Source material
--
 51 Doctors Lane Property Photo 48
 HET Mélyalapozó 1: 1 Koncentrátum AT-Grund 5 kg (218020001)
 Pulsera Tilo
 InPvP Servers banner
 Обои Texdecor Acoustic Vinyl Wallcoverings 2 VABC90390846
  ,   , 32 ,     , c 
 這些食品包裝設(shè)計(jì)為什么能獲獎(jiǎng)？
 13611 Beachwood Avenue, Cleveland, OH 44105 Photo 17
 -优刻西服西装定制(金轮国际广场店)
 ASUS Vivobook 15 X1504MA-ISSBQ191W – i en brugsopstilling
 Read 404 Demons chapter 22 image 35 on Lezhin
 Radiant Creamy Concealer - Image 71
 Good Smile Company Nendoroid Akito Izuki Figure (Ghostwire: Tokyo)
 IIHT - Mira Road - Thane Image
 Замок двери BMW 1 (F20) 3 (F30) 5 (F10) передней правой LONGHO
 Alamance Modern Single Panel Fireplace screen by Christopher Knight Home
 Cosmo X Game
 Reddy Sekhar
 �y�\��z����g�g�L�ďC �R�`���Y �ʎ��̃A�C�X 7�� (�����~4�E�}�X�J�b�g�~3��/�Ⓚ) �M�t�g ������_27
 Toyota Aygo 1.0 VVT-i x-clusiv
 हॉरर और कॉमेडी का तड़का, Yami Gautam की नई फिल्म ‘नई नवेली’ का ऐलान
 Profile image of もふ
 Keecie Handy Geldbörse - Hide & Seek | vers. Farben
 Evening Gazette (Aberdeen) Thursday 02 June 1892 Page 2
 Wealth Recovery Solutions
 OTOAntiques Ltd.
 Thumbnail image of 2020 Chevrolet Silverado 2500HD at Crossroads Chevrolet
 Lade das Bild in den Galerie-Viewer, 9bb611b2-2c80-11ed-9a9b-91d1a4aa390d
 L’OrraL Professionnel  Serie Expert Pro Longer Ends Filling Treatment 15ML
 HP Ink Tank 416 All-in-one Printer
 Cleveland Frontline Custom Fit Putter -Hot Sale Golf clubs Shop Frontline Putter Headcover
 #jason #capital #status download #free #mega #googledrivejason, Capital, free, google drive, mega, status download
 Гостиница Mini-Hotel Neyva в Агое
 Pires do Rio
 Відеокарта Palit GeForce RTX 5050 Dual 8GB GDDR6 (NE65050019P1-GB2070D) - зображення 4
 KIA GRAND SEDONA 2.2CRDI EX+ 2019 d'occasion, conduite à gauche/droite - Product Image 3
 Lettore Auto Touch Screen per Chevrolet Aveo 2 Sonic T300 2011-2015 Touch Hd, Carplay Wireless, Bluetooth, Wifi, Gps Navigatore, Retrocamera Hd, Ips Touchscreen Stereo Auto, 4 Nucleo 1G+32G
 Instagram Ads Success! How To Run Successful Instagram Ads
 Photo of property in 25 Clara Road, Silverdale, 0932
--
Task directions
Look above for the line with "這些食品包裝設(shè)計(jì)為什么能獲獎(jiǎng)？" and the line with "Lade das Bild", and reproduce exactly those two lines plus every line between, nothing more.

Exercise answer
 這些食品包裝設(shè)計(jì)為什么能獲獎(jiǎng)？
 13611 Beachwood Avenue, Cleveland, OH 44105 Photo 17
 -优刻西服西装定制(金轮国际广场店)
 ASUS Vivobook 15 X1504MA-ISSBQ191W – i en brugsopstilling
 Read 404 Demons chapter 22 image 35 on Lezhin
 Radiant Creamy Concealer - Image 71
 Good Smile Company Nendoroid Akito Izuki Figure (Ghostwire: Tokyo)
 IIHT - Mira Road - Thane Image
 Замок двери BMW 1 (F20) 3 (F30) 5 (F10) передней правой LONGHO
 Alamance Modern Single Panel Fireplace screen by Christopher Knight Home
 Cosmo X Game
 Reddy Sekhar
 �y�\��z����g�g�L�ďC �R�`���Y �ʎ��̃A�C�X 7�� (�����~4�E�}�X�J�b�g�~3��/�Ⓚ) �M�t�g ������_27
 Toyota Aygo 1.0 VVT-i x-clusiv
 हॉरर और कॉमेडी का तड़का, Yami Gautam की नई फिल्म ‘नई नवेली’ का ऐलान
 Profile image of もふ
 Keecie Handy Geldbörse - Hide & Seek | vers. Farben
 Evening Gazette (Aberdeen) Thursday 02 June 1892 Page 2
 Wealth Recovery Solutions
 OTOAntiques Ltd.
 Thumbnail image of 2020 Chevrolet Silverado 2500HD at Crossroads Chevrolet
 Lade das Bild in den Galerie-Viewer, 9bb611b2-2c80-11ed-9a9b-91d1a4aa390d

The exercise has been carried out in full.